His address is listed as 19 Eton Villas.
- On July 17th, 1911 Reginald left New York for Plymouth on
the Kaiser Wilhelm II, travelling alone and 2nd class. He
returned on the S.S. St. Paul between August 16th and 23rd, 1911,
sailing from Southampton to New York.
- On September 30th 1922 Reginald arrived in Southampton aboard the
S.S. Berengaria, sailing from New York. He lists his destination in
England as 2 Belsize Mansions, Hampstead.
- Between March 29th and April 4th, 1923, Reginald travelled alone
from Southampton to New York on the S.S. Olympic.
These last two trips appear have involved Reginald's efforts to
promote the California citrus industry by developing export markets
Reginald and Mabel Brinsmead both died in Los Angeles; Reginald
on 22 June 1949 and Mabel on September 22, 1953.

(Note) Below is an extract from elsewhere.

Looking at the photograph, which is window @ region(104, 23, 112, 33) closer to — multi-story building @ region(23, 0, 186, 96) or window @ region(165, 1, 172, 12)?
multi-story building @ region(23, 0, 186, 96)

Ruth Brinsmead was the oldest child born in
1907. She worked as a librarian in the County Library for many years. By 1950, she is working as an Assistant Bookkeeper at Blue Book in Los Angeles. She appears to have lived with her parents throughout her life. In 1949 Ruth and her Mother and Father lived at 224 West State, L.A. After her father died in 1949, she and her mother moved to 306 1/2 Via Vista, L.A.
Thomas R. Brinsmead, the middle child, was born
15 Jan 1911 and lived to be 75. On the 1940 US Census he is shown as a cook in a restaurant, still living at home with his parents. He died in Chino Valley,
Yavapai, Arizona in March of 1986. Thomas married Emelda
V. Chase (or Chasse) born Fed 23rd, 1916. Emelda died in Lower Lake,
California on October 25th, 2002. Prior to her death Emelda lived in
Prescott and Chino Valley, Arizona (1993) and Agoura Hills, California
Thomas and Emelda had at least
three children, Diane C. Brinsmead, Gene Norman and Doris.
Gene made the local newspapers in 1947 when, at nine years old, he
went off for a night to be found the next day, tired but well.
Burleigh Brinsmead was born on November 9th,
1921. In 1930 he lived in Los Angeles with his parents,
working as a traffic reporter for the Air Service. He married a
woman named Jean, but her maiden name has not been
discovered. Until 1944 at least, he lived in Los Angeles because he
enlisted in the Army there. He was married at that point and listed
his civilian occupation was as an Aeroplane Mechanic and repairman. Burleigh died in Coors, Oregon, on September 14th, 1950.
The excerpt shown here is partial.